No verified plant species meet the strict criterion of being endemic only to Saudi Arabia.
Define “endemic to Saudi Arabia” as species found nowhere else on Earth. Apply that rule and current, authoritative sources (Kew, GBIF, national checklists, peer‑reviewed floras) show no plant with a confirmed range limited solely to Saudi Arabia. Use this strict filter and the list is empty.
Understand why this happens. Plant ranges often cross modern borders, so many species are “near‑endemic” to the Arabian Peninsula or to border regions (for example, plants restricted to the Asir Mountains or the Hejaz escarpment that also occur in Yemen or Oman). Taxonomy changes and updated surveys move records across names and countries. Survey gaps and old, unverifiable records also prevent confident claims of strict national endemism. Check authoritative sources to verify any doubtful records.
Explore close alternatives.

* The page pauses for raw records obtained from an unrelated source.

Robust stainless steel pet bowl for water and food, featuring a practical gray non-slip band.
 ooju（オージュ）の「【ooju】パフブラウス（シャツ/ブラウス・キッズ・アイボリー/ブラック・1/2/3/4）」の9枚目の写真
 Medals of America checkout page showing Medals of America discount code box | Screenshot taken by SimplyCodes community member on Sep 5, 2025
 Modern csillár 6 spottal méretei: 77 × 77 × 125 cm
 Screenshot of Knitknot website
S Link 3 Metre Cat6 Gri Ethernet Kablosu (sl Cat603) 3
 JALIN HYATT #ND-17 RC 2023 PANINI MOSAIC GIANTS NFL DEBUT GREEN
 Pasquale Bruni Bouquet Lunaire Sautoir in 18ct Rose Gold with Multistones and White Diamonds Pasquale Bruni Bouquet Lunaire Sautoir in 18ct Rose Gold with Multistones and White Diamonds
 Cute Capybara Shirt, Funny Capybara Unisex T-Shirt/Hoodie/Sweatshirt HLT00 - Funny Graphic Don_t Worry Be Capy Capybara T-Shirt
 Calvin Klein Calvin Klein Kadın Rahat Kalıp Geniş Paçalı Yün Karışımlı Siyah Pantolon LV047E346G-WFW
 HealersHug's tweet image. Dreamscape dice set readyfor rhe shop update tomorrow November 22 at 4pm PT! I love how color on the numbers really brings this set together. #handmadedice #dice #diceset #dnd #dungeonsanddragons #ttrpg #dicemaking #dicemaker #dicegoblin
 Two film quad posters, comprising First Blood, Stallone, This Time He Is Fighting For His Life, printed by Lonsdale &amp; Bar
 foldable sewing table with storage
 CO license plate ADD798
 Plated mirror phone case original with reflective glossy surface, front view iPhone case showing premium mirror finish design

Compile lists of plants endemic to the Arabian Peninsula, regional endemics by province (Asir, Hejaz, Najd, Rub’ al Khali), and Saudi Arabia’s rare or threatened species from IUCN and national red lists. Use Kew’s Plants of the World Online, GBIF occurrence data, and Saudi flora checklists to build near‑endemic, regional, or conservation‑priority lists instead.